Any help is welcome...

Thanks,

Panard

----------

## blubbi

I actually don't use postgrey but sqlgrey.

( http://gentoo-wiki.com/HOWTO_Email:_A_Complete_Virtual_System_-_GreyListing )

If there is no special reason why you use postgrey, try sqlgrey. Works flawless here.

loggs like this if a mail got greyed out:

sqlgrey: grey: new: 80.121.57.xxx(80.121.57.xxx), xyz@xyz.com -> myuser@mydomain.de

postfix/smtpd[28797]: NOQUEUE: reject: RCPT from xxx.adsl.highway.telekom.at[80.121.57.xxx]: 450 <myuser@mydomain.de>: Recipient address rejected: Greylisted for 5 minutes; from=<xyz@xyz.com> to=<myuser@mydomain.de> proto=SMTP helo=<xyz.adsl.highway.telekom.at>

Then when the mail is send again after the greylist time (5 minutes)

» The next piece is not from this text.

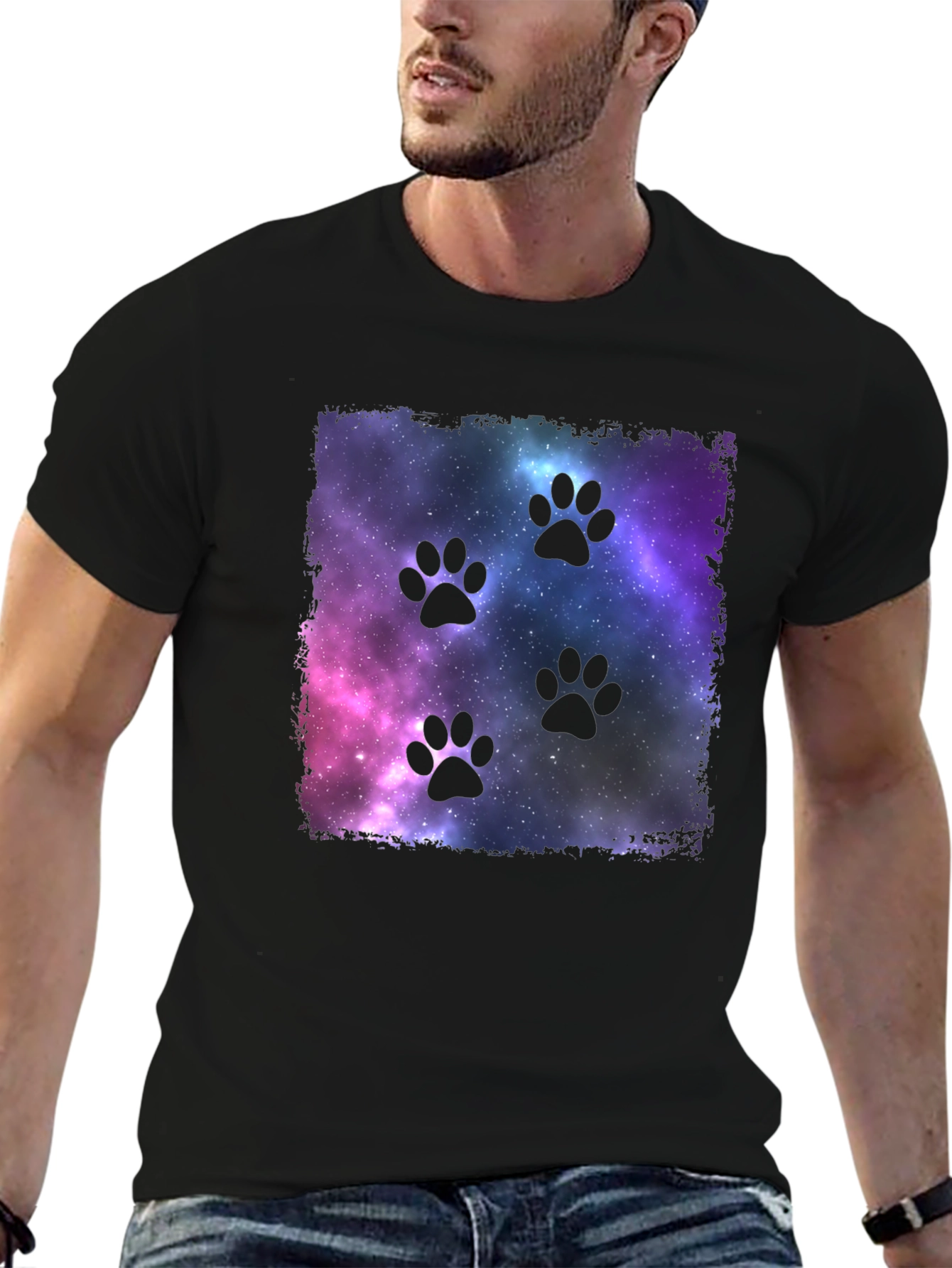 Galaxy Paw Print T-Shirt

sqlgrey: grey: from awl match: updating 80.121.57.xxx(80.121.57.xxx)

mail-filter/sqlgrey

http://sqlgrey.sourceforge.net/

WebFrontend:

http://www.vanheusden.com/sgwi/

regards

blubbi

----------

## Stever

 *Panard wrote:*   

> Hello,
> 
> I'm tring to setup postgrey (with postfix).
> 
> I followed the instruction, started postgrey, and add given restriction..
> ...

 

That is how it is supposed to work.  There is no delay prompt, the greylist delay is just the minimum delay your mailserver will impose before accepting a message from outside.  Any 4xx reject code is a temporary error, and it is up to the SENDING mailserver to keep retrying at least that long if it wants to get the message through.

If you have a secondary mailserver, then it also needs to be greylisting or the whole idea just doesn't work.

----------